Demo 2: TDA on a Weight Matrix¶
import numpy as np
import gudhi
# Mock weight matrix (e.g. 10x10 Linear layer)
np.random.seed(42)
W = np.random.randn(10, 10)
# Use 1 - |W| as a distance metric (highly correlated = short distance)
distance_matrix = 1.0 - np.abs(np.corrcoef(W))
# Ensure the distance matrix is valid (non-negative, zero diagonal)
np.fill_diagonal(distance_matrix, 0.0)
distance_matrix = np.clip(distance_matrix, 0.0, None)
# Rips complex from distance matrix using gudhi
rips = gudhi.RipsComplex(distance_matrix=distance_matrix, max_edge_length=2.0)
st = rips.create_simplex_tree(max_dimension=2)
st.compute_persistence()
h1_bars = np.array([[b, d] for dim, (b, d) in st.persistence()
if dim == 1 and d != float('inf')])
if len(h1_bars) > 0:
persistence = h1_bars[:, 1] - h1_bars[:, 0]
print(f"Max H1 Persistence in weights: {persistence.max():.4f}")
print(f"Number of H1 features: {len(h1_bars)}")
else:
print("No finite H1 persistence features found.")
Demo 3: Topological Regularization (Sketch)¶
import torch
import torch.nn as nn
def persistence_loss(point_cloud):
# This is a conceptual sketch; real implementation requires
# a differentiable persistence solver like Gudhi or TopoNetX
# We want to minimize the persistence of short-lived noise
distances = torch.cdist(point_cloud, point_cloud)
# Approximate topological regularization: penalize variance in pairwise distances
# (surrogate for encouraging a clean manifold structure)
total_persistence = distances.var()
return total_persistence
class TopoRegMLP(nn.Module):
def __init__(self):
super().__init__()
self.net = nn.Sequential(nn.Linear(2, 10), nn.ReLU(), nn.Linear(10, 2))
def forward(self, x):
activations = self.net[0](x)
# Apply topological loss to hidden activations
reg = persistence_loss(activations)
return self.net[2](torch.relu(activations)), reg
# Quick test
model = TopoRegMLP()
x = torch.randn(8, 2)
out, reg = model(x)
print(f"Output shape: {out.shape}, Topo-reg loss: {reg.item():.4f}")
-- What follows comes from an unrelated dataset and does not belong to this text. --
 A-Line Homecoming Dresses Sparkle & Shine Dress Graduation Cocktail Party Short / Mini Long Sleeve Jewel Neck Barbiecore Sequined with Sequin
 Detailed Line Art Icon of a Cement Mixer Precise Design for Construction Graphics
7. Advanced Topic: The Nerve Theorem¶
Why do simplicial complexes like Čech complexes work?
Theorem (The Nerve Theorem)
Let \(\mathcal{U} = \{U_i\}\) be an open cover of a space \(X\) such that all non-empty intersections of sets in \(\mathcal{U}\) are contractible. Then the nerve of \(\mathcal{U}\) is homotopy equivalent to \(X\).
Significance: This justifies why we can reconstruct the topology of a manifold by looking at the intersections of balls around sampled points.
8. Summary¶
Topological Data Analysis provides a robust framework for extracting global structure from local samples.
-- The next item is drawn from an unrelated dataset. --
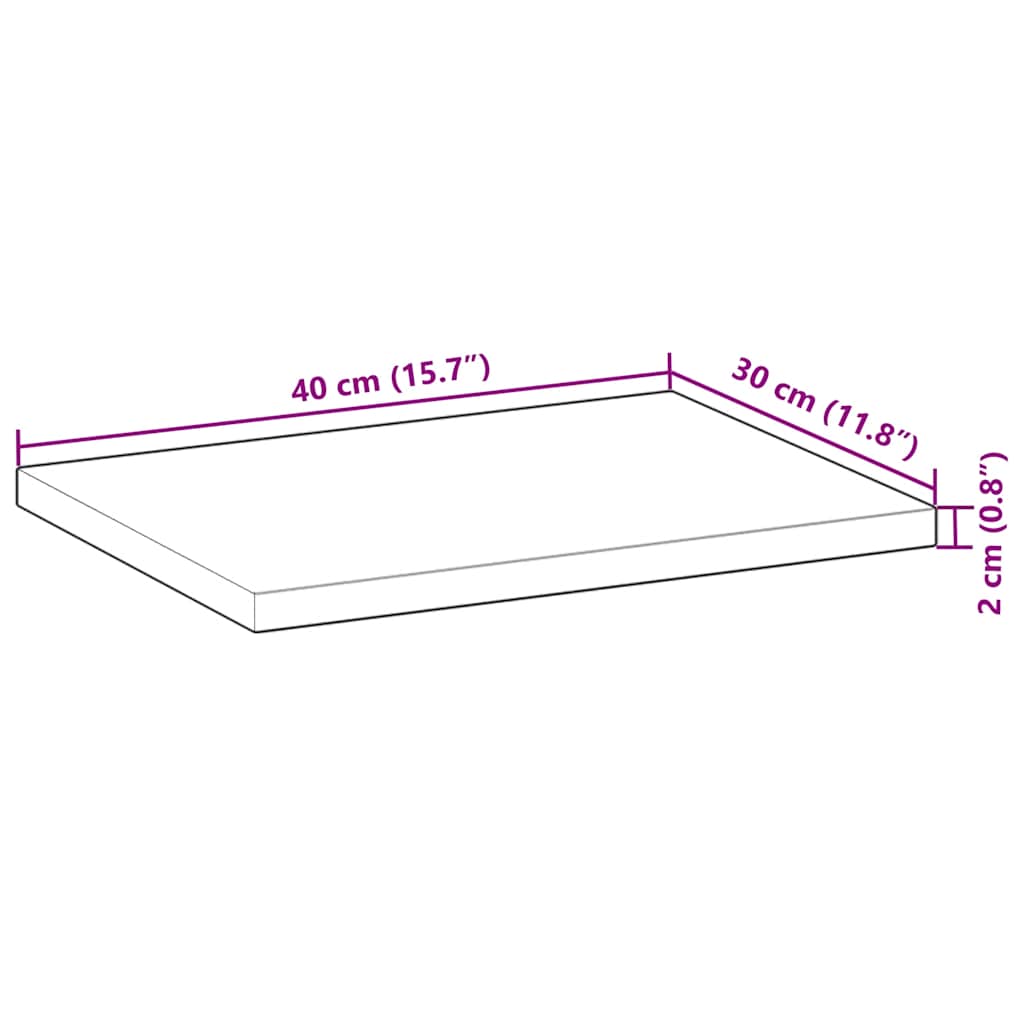 Wandschappen 4 st zwevend 40x30x2 cm onbehandeld acaciahout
- Homology counts holes across dimensions.
- Persistence tracks these holes across scales, providing a "fingerprint" of the data.
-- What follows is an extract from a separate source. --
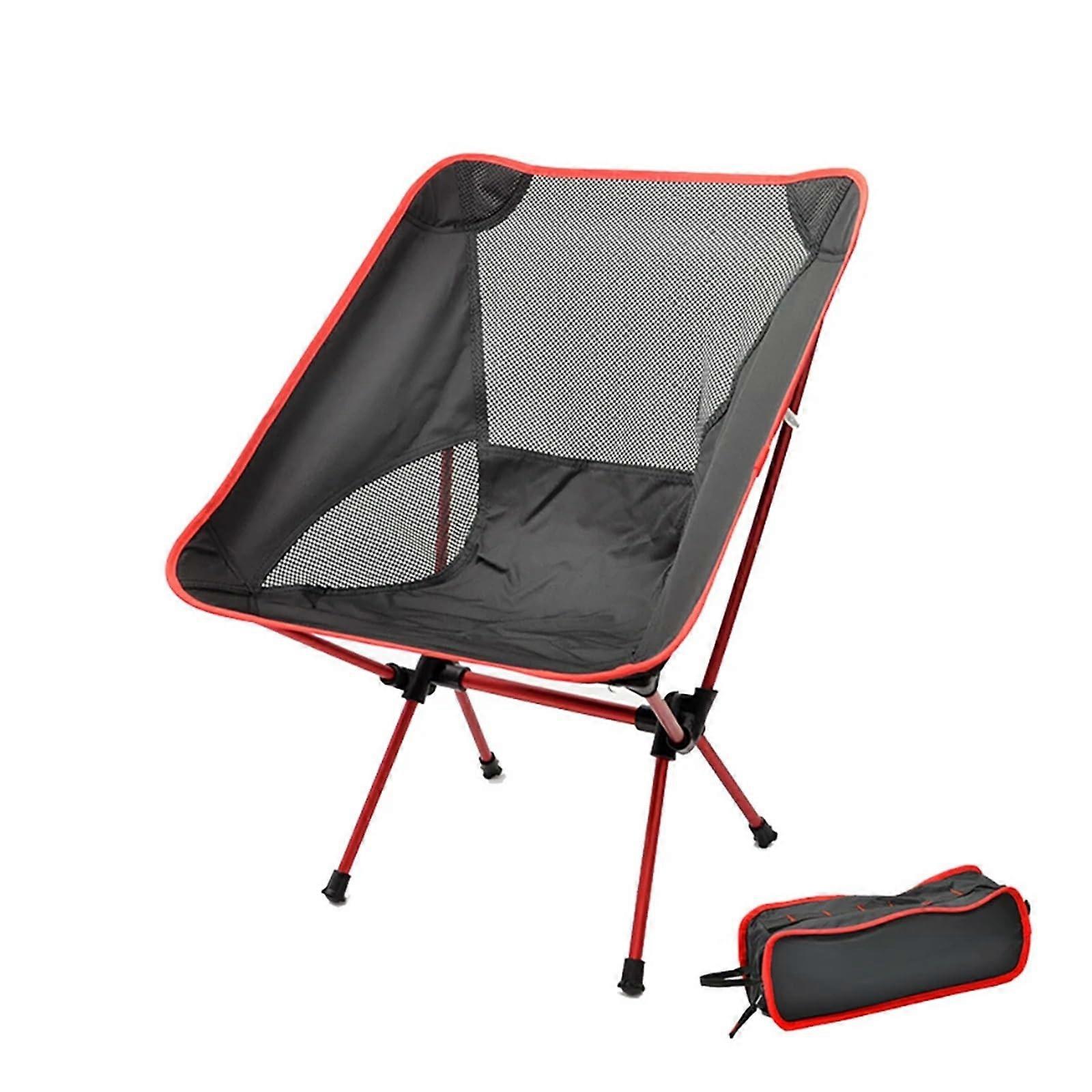 Detachable Portable Folding Chair for Outdoor Camping, Ultralight Beach and Fishing Seat in Red for Travel, Hiking, and Picnic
- Stability ensures that this fingerprint is resistant to noise and deformations.
- Integration with ML is achieved via vectorizations like Landscapes and Images, allowing topology to be used as a feature or a loss function.
References¶
- Edelsbrunner, H., & Harer, J. (2010). Computational Topology: An Introduction. American Mathematical Society.
- Carlsson, G. (2009). Topology and data. Bulletin of the American Mathematical Society.
- Chazal, F., et al. (2016). The Structure and Stability of Persistence Modules. Springer.
- Ghrist, R. (2008). Barcodes: The persistent topology of data. Bulletin of the American Mathematical Society.
- Hensel, F., et al. (2021). A Survey of Topological Machine Learning. Frontiers in Artificial Intelligence.